Keywords: HIV-1, Human monoclonal antibody, IgG, gp140, Envelope glycoprotein, Immunogen, High-throughput sequencing, Vaccine
Introduction
Advancement in high-throughput screening technologies has led to the recent discoveries of several potent broadly neutralizing antibodies (bnAbs) against HIV-1 recovered from peripheral blood mononuclear cells (PBMCs) of HIV-1-seropositive donors (Pietzsch et al., 2010; Scheid et al., 2009; Walker et al., 2011; Wu et al., 2010, 2011). Elicitation of such bnAbs remains a major challenge attributing to virus evasion strategies and host immune regulatory mechanisms. We found that germline-like predecessors of bnAbs bind weakly or undetectably to all tested HIV-1 envelope glycoproteins (Envs) (Xiao et al., 2009). This finding suggests that HIV-1 could have evolved a strategy to reduce or eliminate the immunogenicity of the highly conserved epitopes of bnAbs by using holes in the human germline B cell receptor repertoires — absence of or reduced binding of germline antibodies to the conserved epitopes that is not sufficient to initiate and/or maintain an effective immune response. To overcome this fundamental issue, we resorted to explore large naïve IgM repertoires for identifying antibody maturation intermediates that are clonally related to HIV-1 bnAbs (Prabakaran et al., 2012b). We also found that several human monoclonal antibodies (mAbs) selected from another large naive IgM phage-displayed library were able to bind with high affinity to recombinant Envs of HIV-1 isolates from different clades (Chen et al., 2010). Although those antibodies enhanced or did not neutralize infection by some of the HIV-1 primary isolates, they could have implications for the B-cell-lineage vaccine design strategy (Dimitrov, 2010; Haynes et al., 2012).

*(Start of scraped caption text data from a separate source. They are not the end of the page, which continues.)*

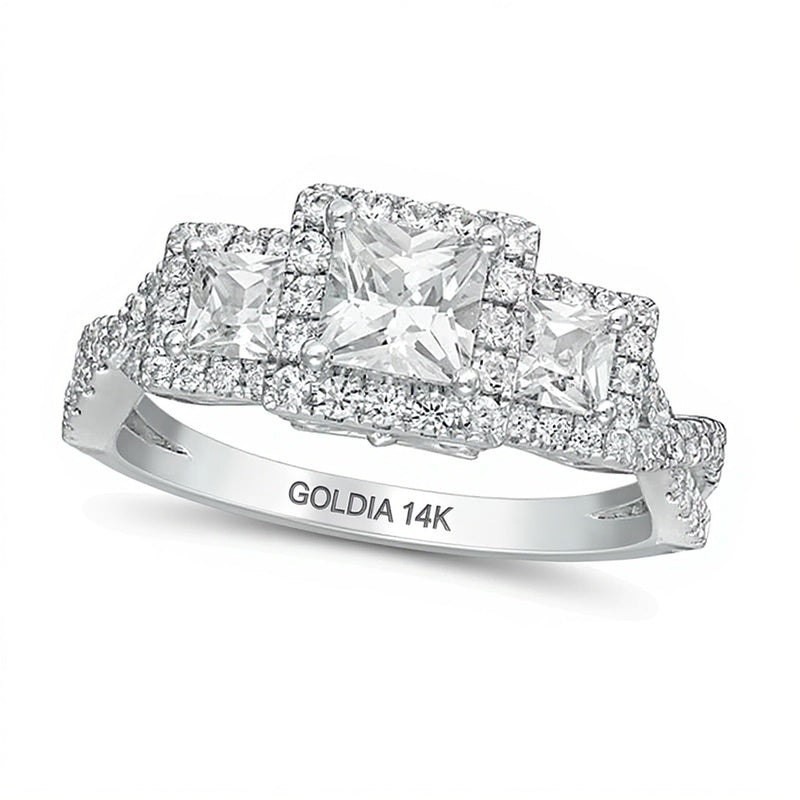 1.5 CT. TW Princess-Cut Diamond Frame Past Present FutureÂ® Engagement Ring in 14K White Gold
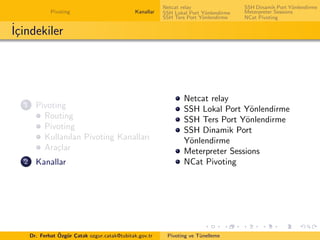 Pivoting Kanallar
Netcat relay
SSH Lokal Port Y¨onlendirme
SSH Ters Port Y¨onlendirme
SSH Dinamik Port Y¨onlendirme
Meterpreter Sessions
NCat Pivoting
˙I¸cindekiler
1 Pivoting
Routing
Pivoting
Kullanılan Pivoting Kanalları
Ara¸clar
2 Kanallar
Netcat relay
SSH Lokal Port Y¨onlendirme
SSH Ters Port Y¨onlendirme
SSH Dinamik Port
Y¨onlendirme
Meterpreter Sessions
NCat Pivoting
Dr. Ferhat ¨Ozg¨ur C¸atak ozgur.catak@tubitak.gov.tr Pivoting ve T¨unelleme
 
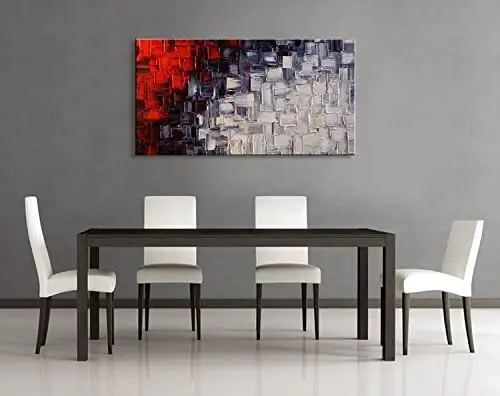 Large Hand Painted Red and White Abstract Acrylic Canvas Wall Art Modern Artwork Contemporary Painting for Living Room
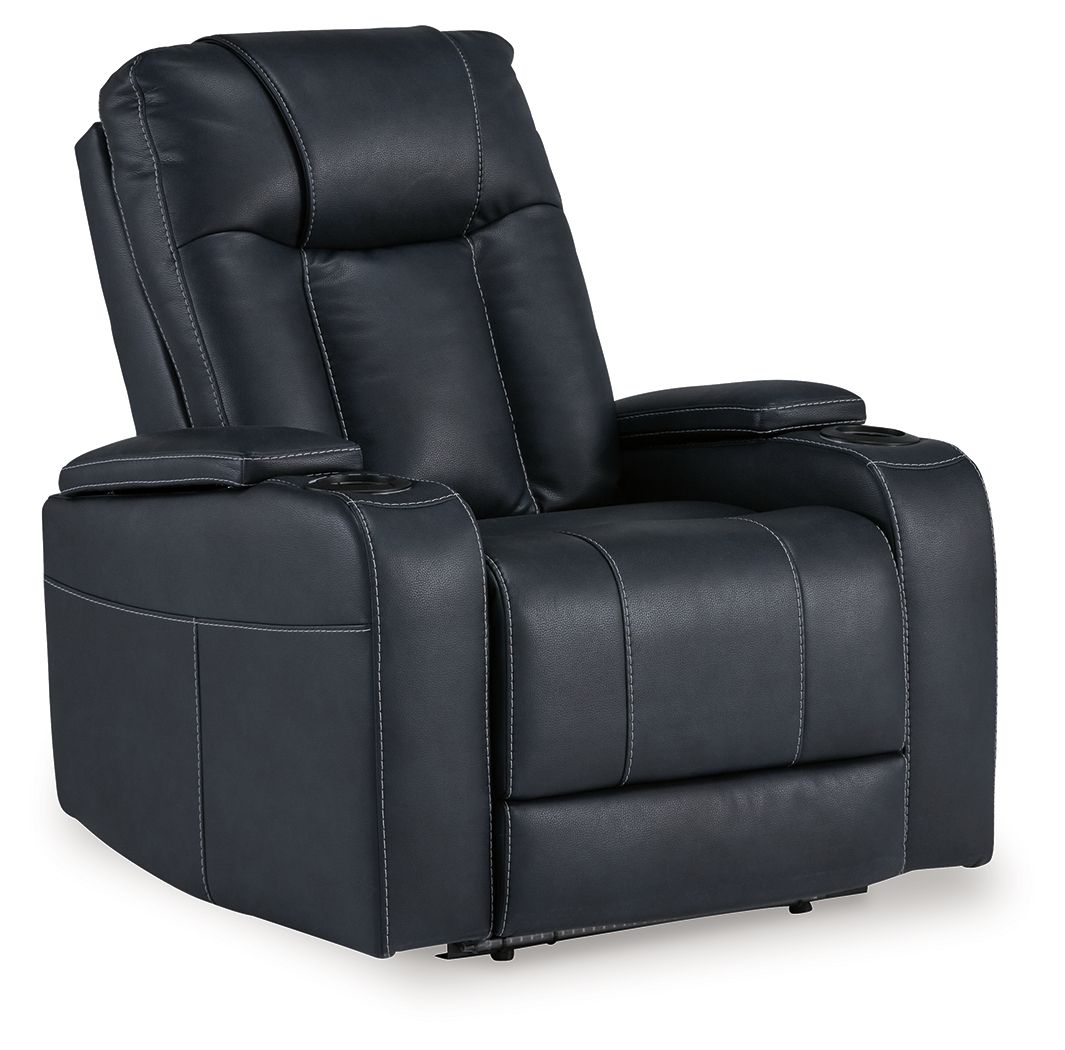 Feazada - Power Recliner With Adj Headrest - Sapphire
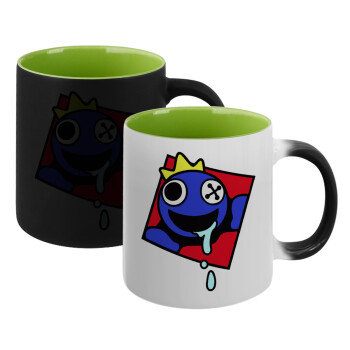 Blue, Rainbow friends, Κούπα Μαγική εσωτερικό πράσινο, κεραμική 330ml που αλλάζει χρώμα με το ζεστό ρόφημα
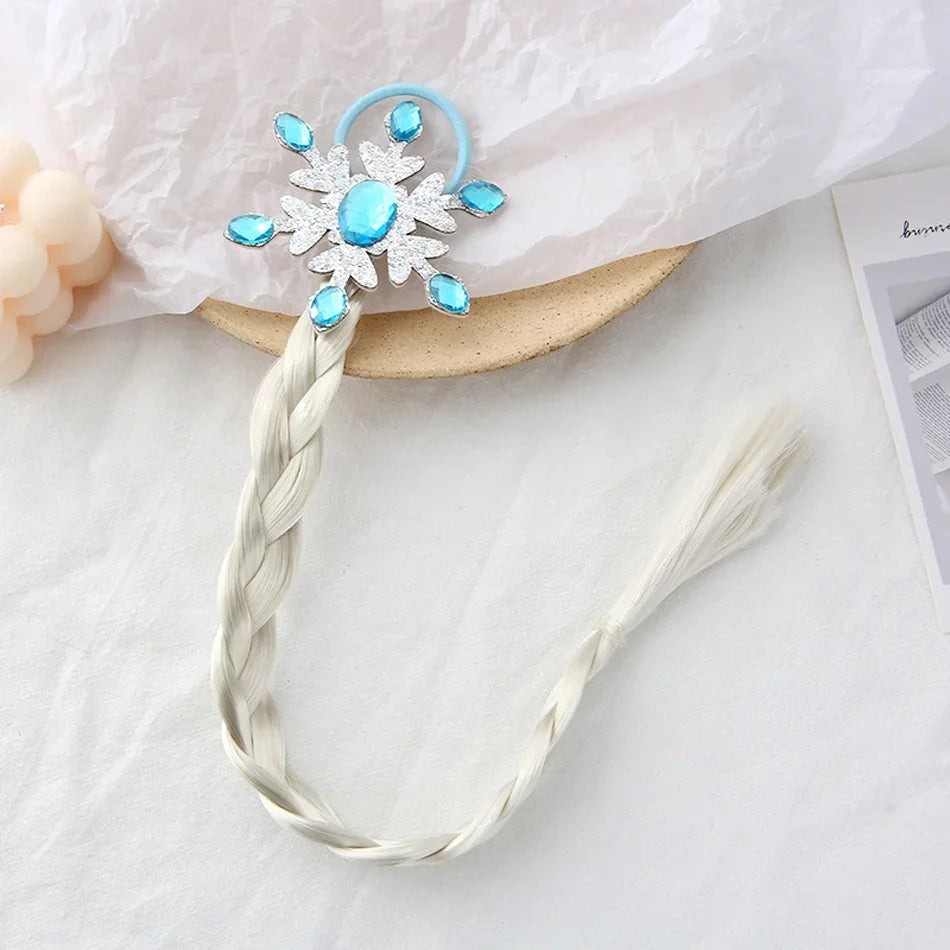 Princess Braid Unicorn Rainbow Hairpiece Cosplay Braided Wigs for Elsa Dress Up Set for Toddler Girls Party Wedding Birthday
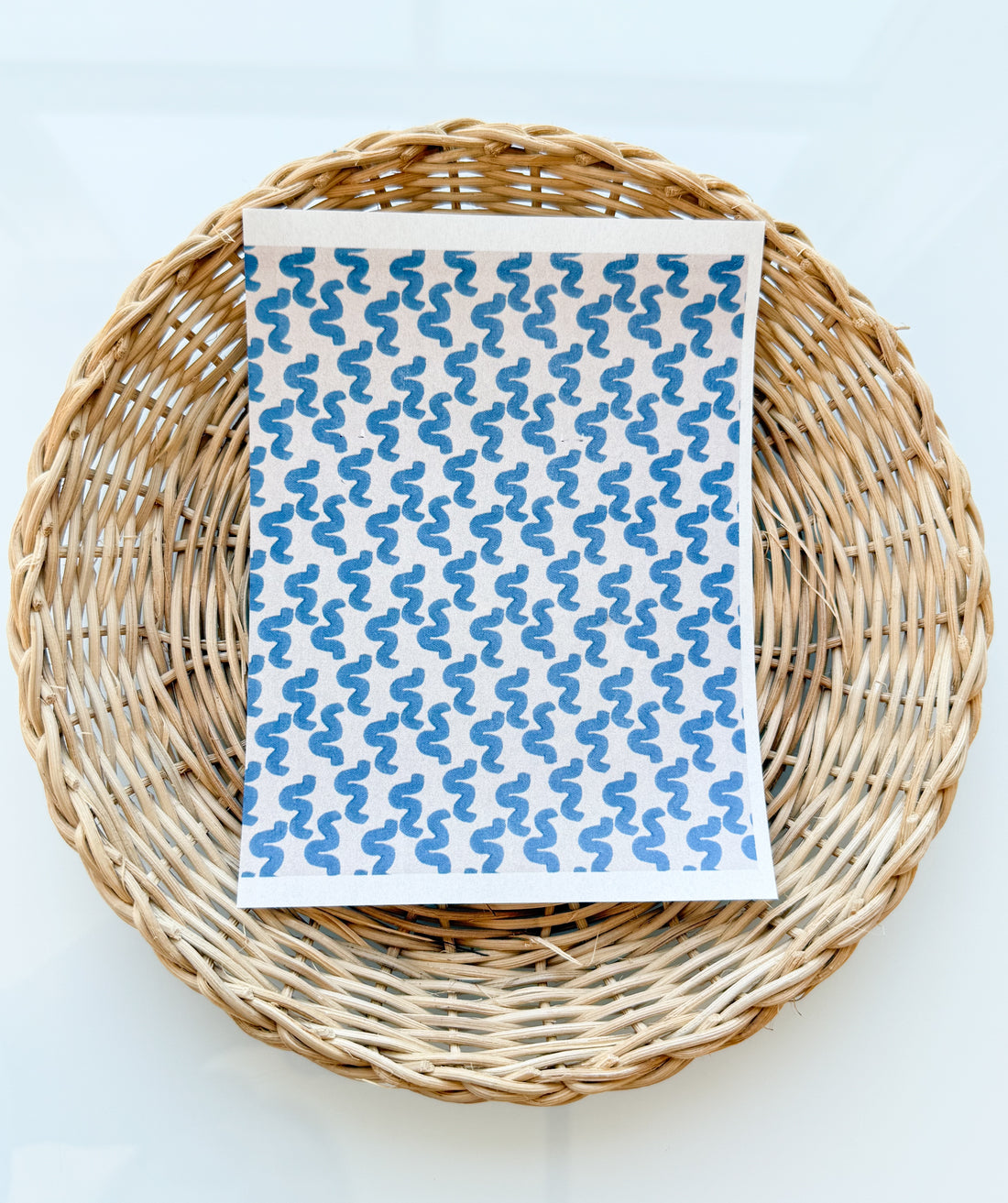 Blue Squiggle Clay Transfer Paper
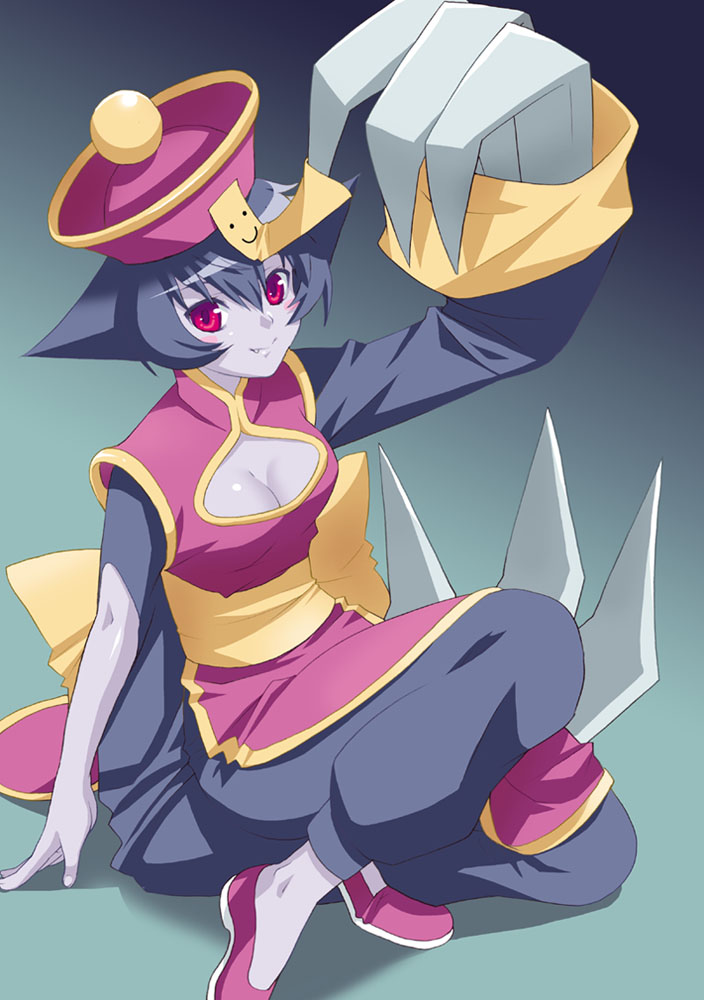 mattaku mousuke, hsien-ko, mei-ling (darkstalkers), capcom, darkstalkers, bad id, bad pixiv id, 1girl, blue skin, cleavage cutout, clothing cutout, colored skin, female focus, flipped hair, hat, qingdai guanmao, solo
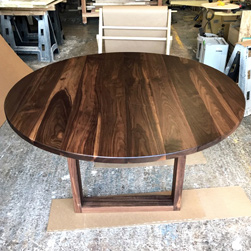 Katy Table - 60 inch wide round walnut table top and base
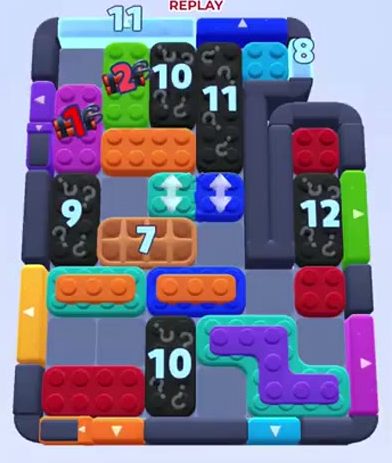 Color Block Jam level 1286 / 1290 / 2190: screenshot of the board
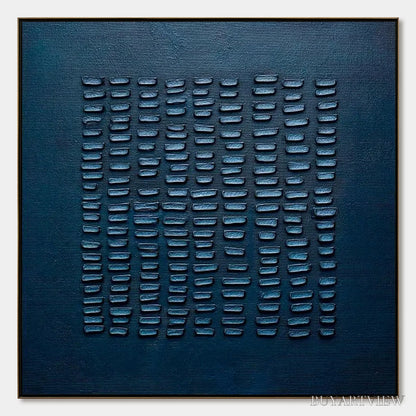 BUYARTVIEW Midnight Code – Textured Minimalist Geometric Abstract Oil Painting - image 1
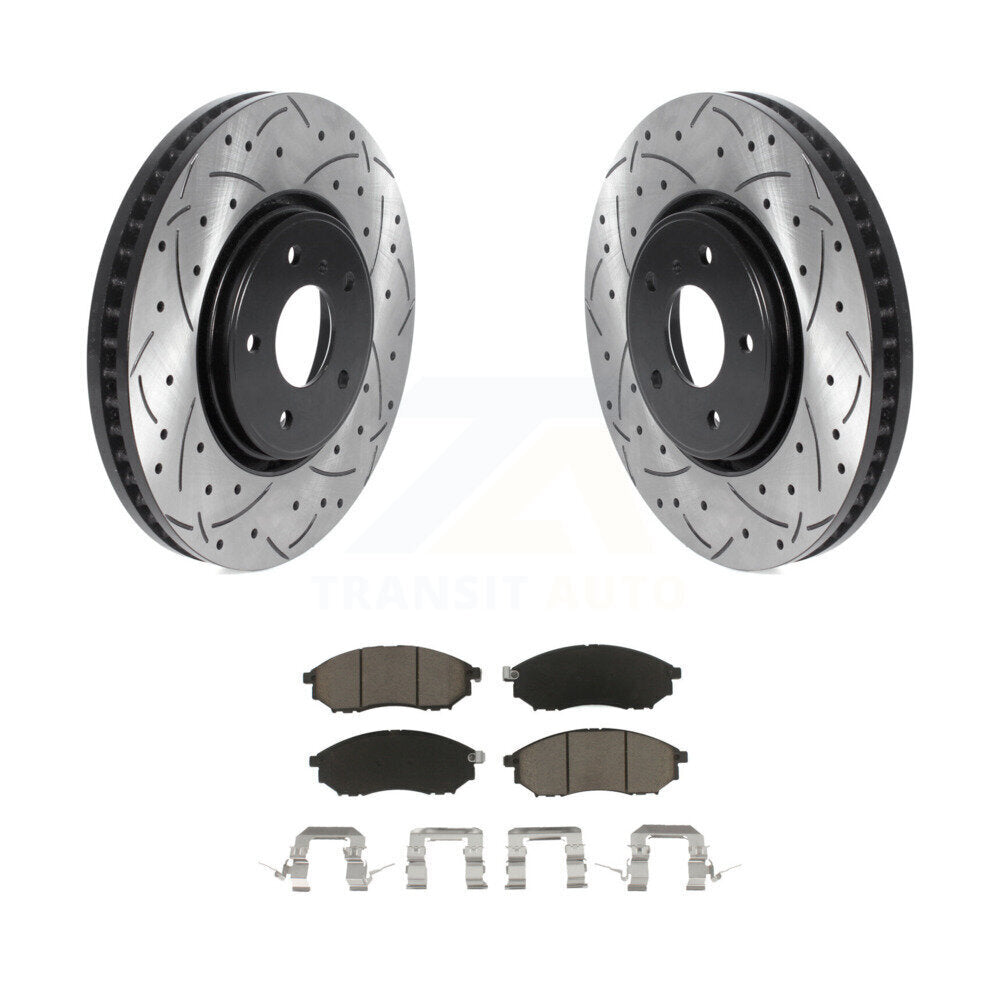 Kit de plaquettes en céramique pour rotors de frein à disque à fente avant percée pour INFINITI FX35 FX37 FX4
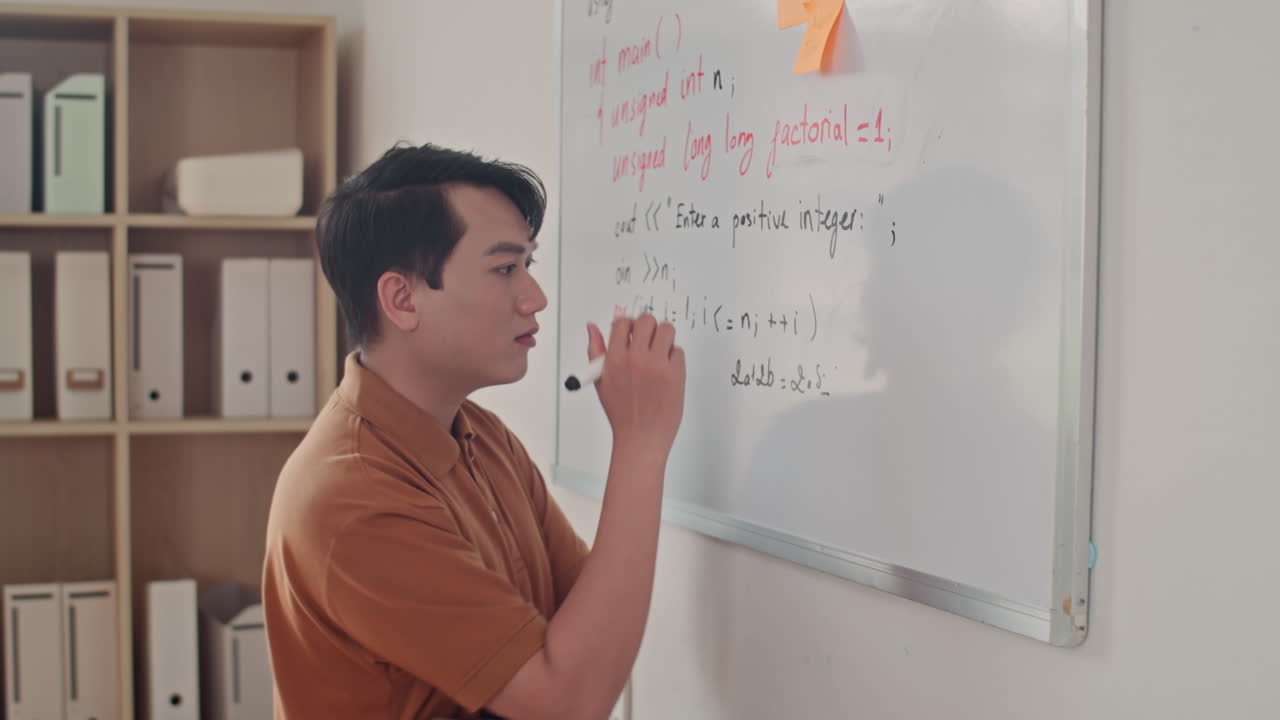 Developer Writing Programming Code on Whiteboard at Office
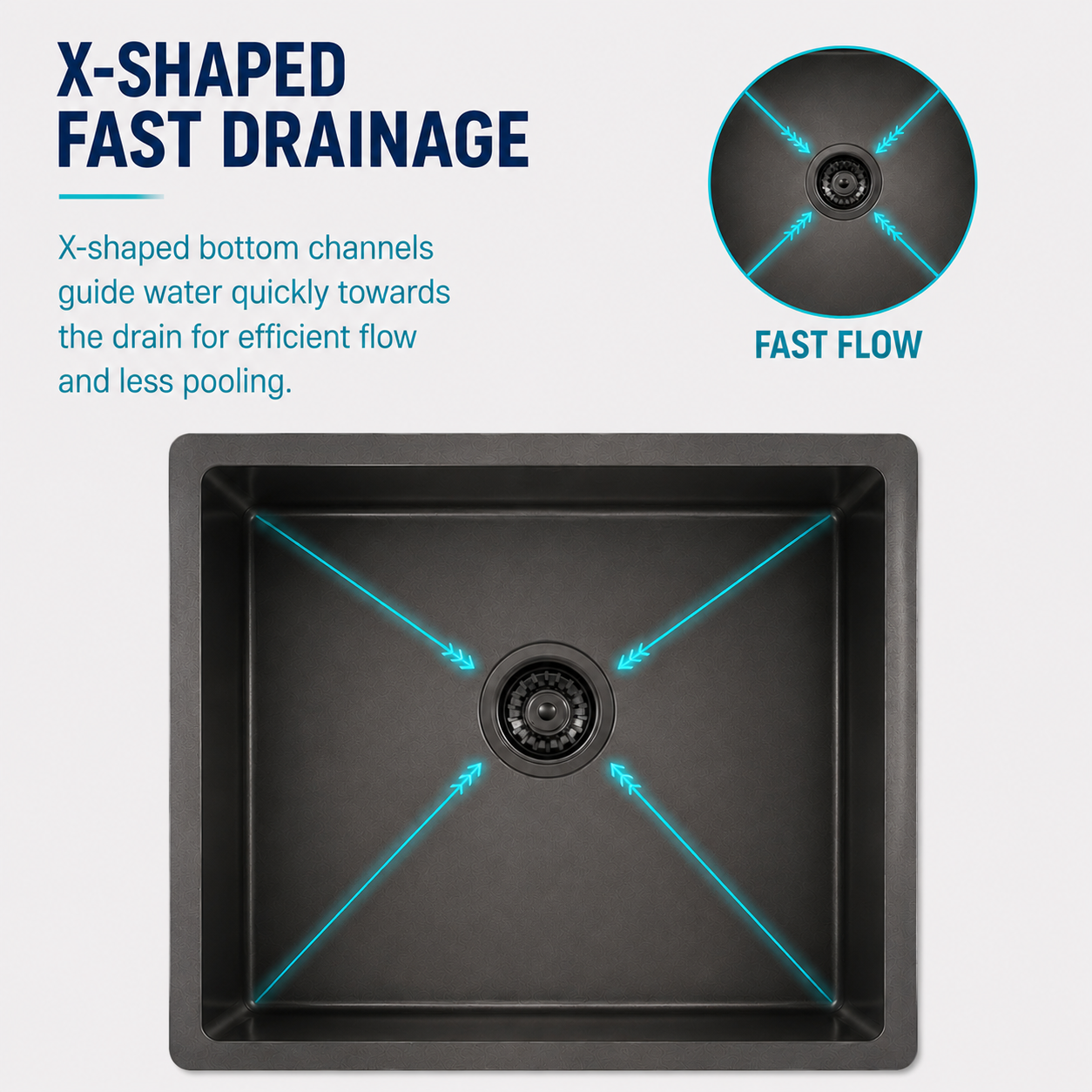Gunmetal black kitchen sink with X-shaped fast drainage system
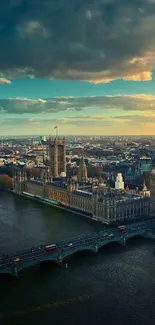 A stunning London skyline featuring sunset hues over the river Thames.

For this study, we constructed two IgG antigen-binding fragment (Fab) phage display libraries from an acutely HIV-1-infected patient, which were panned against the Env to identify HIV-1 specific binders. We analyzed the genetic origin, diversity and level of maturation of the selected antibody binders; in parallel, we used high-throughput sequencing to analyze the extent of germline diversity, complementarity determining region 3 (CDR3) lengths, somatic mutation and most frequently expressed clones in the two libraries. We found germline-lineaged antibodies exhibiting cross-reactivity against the Envs, in contrast to bnAbs and other antibodies capable of binding to Env which respective germline-versions are unable to bind (Chen et al., 2010; Xiao et al., 2009). This may have significant bearing on the development of predecessor antibodies useful in the new vaccine design approach. Further, combined phage display and high-throughput sequencing methods helped identify several long, highly abundant CDR3s and highly mutated V-genes in VH/VL chains of the HIV-1-infected patient which may be potential candidates useful in the development of effective HIV-1 vaccines.
Materials and methods
Library construction and selection of antibodies against HIV-1 Envs
We isolated mRNA from frozen PBMCs that had been derived from an HIV-1 patient at two different time points in the period of about 40 days and 8 months post infection, converted them into cDNA, and constructed two separate Fab libraries encoding IgG heavy and light chains as briefly described previously (Chen et al., 2008). The two libraries were panned against Envs, a homologous gp140 and a consensus gp140, respectively. Procedures followed in this study were in accordance with the ethical standards of concerned institutional policies and the Research Donor Program of Frederick National Laboratory.
Expression, purification and binding of antibodies
Soluble Fabs of antibodies were expressed in E. coli and purified by affinity chromatography methods. To analyze the genetic origin and properties of the selected antibodies, heavy and light chain variable domains of these binders were sequenced. Further, binding and competition ELISAs were performed as described previously (Chen et al., 2010).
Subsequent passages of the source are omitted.